Es kommt nicht oft vor, dass sich Berlins Regierungschef, dieser manchmal verwegen charmante, manchmal erbarmungslos knochenharte Pragmatiker ernsthaft bemüht, Gedankengebäude für die Zukunft zu entwerfen. Offenbar wird der Ernst der Lage jetzt auch von Wowereit erkannt. Und die SPD-Abgeordnetenhausfraktion hat in stundenlangen Diskussionen auf ihrer Klausur in Eisenach zum Ausdruck gebracht, dass sie ihre kollektive Ratlosigkeit in eine neue Aufbruchstimmung ummünzen will.

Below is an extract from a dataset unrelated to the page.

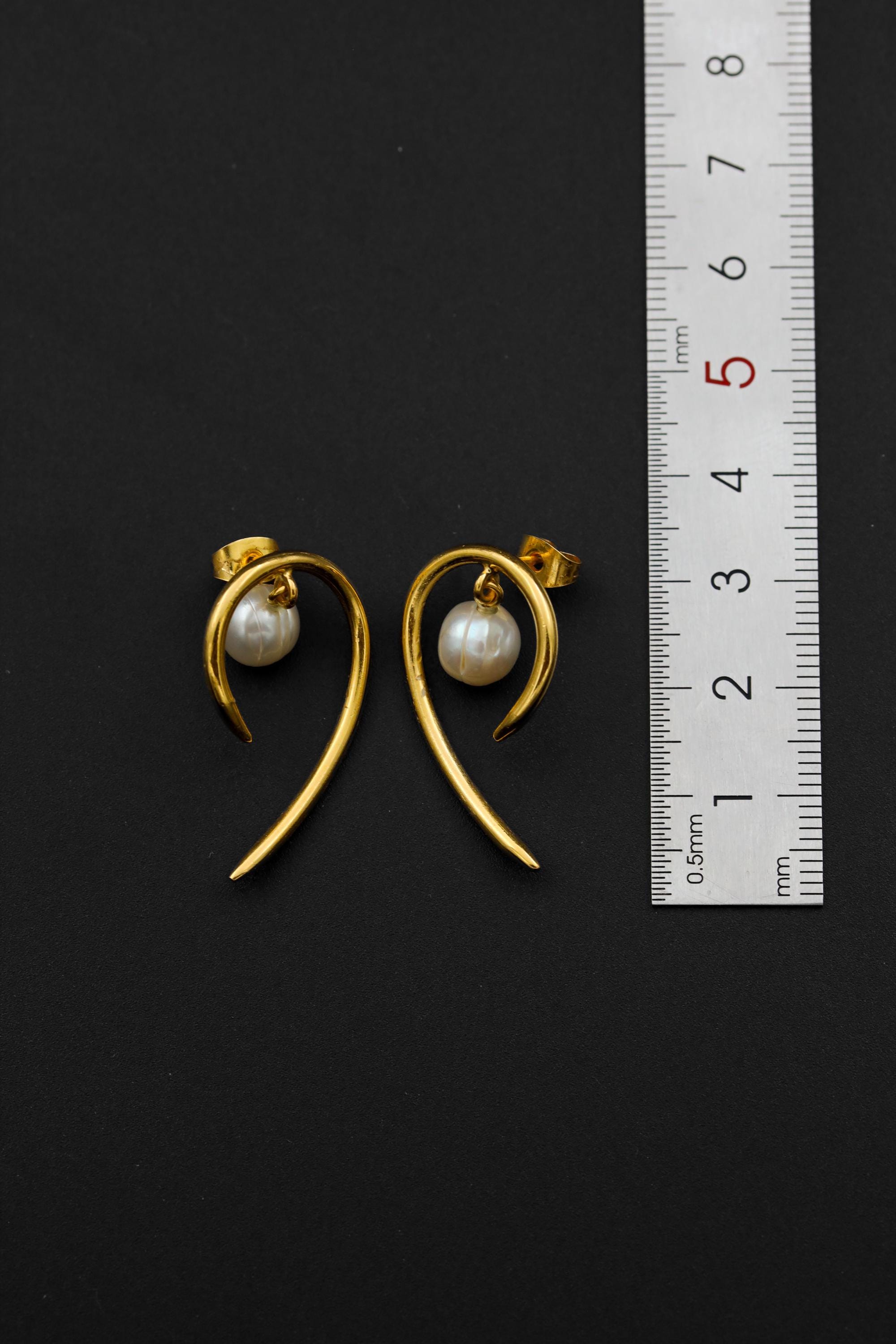 Pair of Heritage Pearl Curled Horn Studs, 925 Sterling Silver, Gold-Plated, Heart Chakra, Unique Gift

Zeit wird’s. Das gilt auch für die Thesen der beiden sozialdemokratischen Großkopfeten. Sie entdecken den Wert einer modernen, grünen Industrie für Berlin. Sie verstehen Integration als Kernanliegen einer Millionenstadt, die sozial nicht auseinanderfallen soll, als Stadtentwicklung im weitesten Sinne. Wowereit und Müller wollen die solidarische Stadt, also das ehrenamtliche bürgerschaftliche Engagement als Ergänzung eines starken Staates, der die öffentliche Daseinsvorsorge hochhält. Ein verflixt ehrgeiziges Programm, aber eine brauchbare Grundlage für den öffentlichen Diskurs um die Zukunft Berlins. Und ein Signal, das die Berliner SPD erleichtert zur Kenntnis nimmt: Ihr Wowi ist wieder da. Es sieht so aus, als peile er tatsächlich eine dritte Regierungsperiode in Berlin an. Sich an dieser Vorstellung zu reiben, wohlwollend, konsterniert oder aggressiv, kann der Stadt nur guttun.